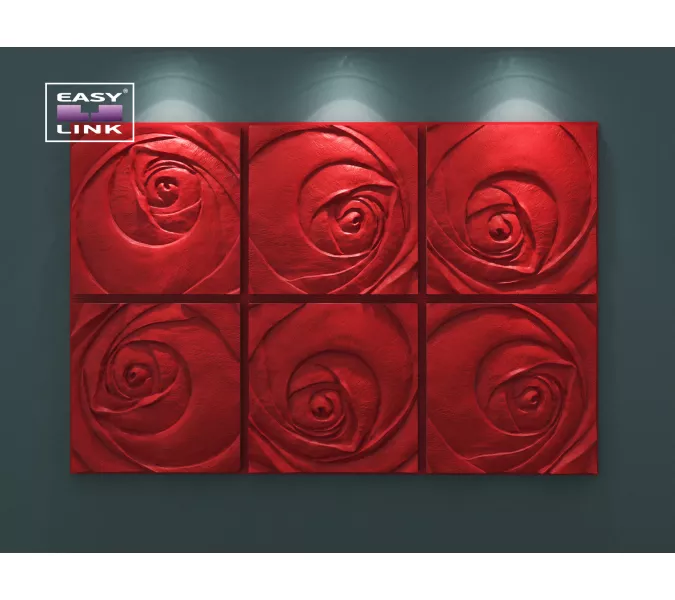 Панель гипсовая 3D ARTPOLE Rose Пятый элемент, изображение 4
...
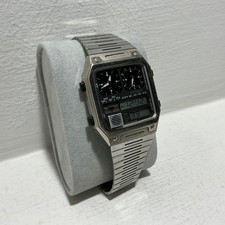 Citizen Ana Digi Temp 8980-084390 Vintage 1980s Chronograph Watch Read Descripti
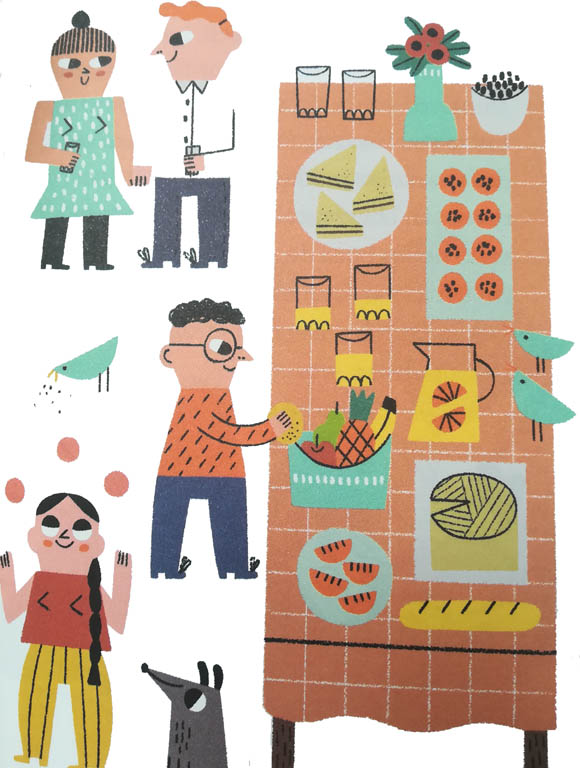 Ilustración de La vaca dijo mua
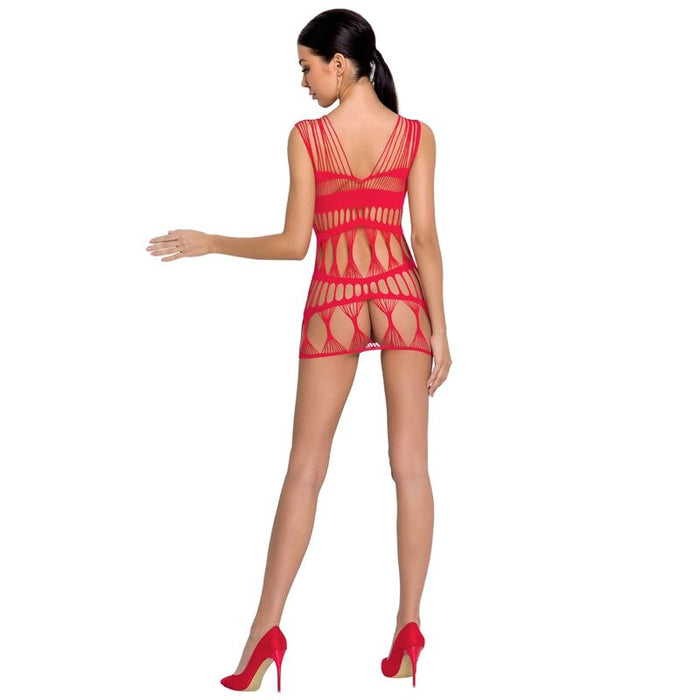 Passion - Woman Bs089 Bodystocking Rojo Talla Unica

§ **TASK INSTRUCTIONS**:
Pictures do not belong in the answer. Return the lines above starting at the one with "Ilustración de La vaca dijo mua" and ending at the one with "Passion - Woman", both kept, exactly.

§ **ANSWER TO THIS EXERCISE**:
 Ilustración de La vaca dijo mua
 Passion - Woman Bs089 Bodystocking Rojo Talla Unica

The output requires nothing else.